** Opening The input block **

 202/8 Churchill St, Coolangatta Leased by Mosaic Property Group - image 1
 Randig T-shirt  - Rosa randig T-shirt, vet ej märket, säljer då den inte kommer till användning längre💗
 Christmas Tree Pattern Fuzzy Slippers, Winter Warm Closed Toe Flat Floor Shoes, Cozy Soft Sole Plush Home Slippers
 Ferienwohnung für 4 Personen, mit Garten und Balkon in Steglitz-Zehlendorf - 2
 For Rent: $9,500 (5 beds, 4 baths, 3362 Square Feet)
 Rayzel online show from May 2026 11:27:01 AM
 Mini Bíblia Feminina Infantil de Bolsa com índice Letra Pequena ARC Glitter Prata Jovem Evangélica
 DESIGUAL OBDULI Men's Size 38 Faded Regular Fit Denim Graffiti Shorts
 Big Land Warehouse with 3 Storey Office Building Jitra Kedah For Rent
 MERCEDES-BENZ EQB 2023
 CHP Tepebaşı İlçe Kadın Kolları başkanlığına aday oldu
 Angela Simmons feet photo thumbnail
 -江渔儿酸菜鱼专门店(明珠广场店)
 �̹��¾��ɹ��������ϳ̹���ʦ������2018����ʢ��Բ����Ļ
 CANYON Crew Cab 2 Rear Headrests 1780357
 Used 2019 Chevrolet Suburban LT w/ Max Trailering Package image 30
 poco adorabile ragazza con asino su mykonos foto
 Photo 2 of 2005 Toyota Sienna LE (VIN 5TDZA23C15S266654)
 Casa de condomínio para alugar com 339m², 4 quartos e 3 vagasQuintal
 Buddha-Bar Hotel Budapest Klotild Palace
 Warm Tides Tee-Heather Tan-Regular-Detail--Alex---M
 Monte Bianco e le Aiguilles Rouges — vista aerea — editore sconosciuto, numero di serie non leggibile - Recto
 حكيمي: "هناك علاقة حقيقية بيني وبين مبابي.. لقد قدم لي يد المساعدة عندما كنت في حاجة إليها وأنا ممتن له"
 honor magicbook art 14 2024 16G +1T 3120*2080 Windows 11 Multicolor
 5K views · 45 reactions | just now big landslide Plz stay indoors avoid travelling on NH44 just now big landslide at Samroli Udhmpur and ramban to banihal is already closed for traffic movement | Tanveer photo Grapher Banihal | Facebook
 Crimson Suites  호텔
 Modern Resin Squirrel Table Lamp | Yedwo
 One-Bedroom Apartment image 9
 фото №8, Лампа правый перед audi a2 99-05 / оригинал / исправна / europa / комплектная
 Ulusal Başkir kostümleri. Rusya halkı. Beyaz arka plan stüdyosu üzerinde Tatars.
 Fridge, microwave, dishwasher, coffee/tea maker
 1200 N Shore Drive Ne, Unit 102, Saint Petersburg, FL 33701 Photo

** Closing The input block **

● **Problem statement**
The lines you return should be those above that contain the word "Regular", every one of them.

● **Written answer**
 DESIGUAL OBDULI Men's Size 38 Faded Regular Fit Denim Graffiti Shorts
 Warm Tides Tee-Heather Tan-Regular-Detail--Alex---M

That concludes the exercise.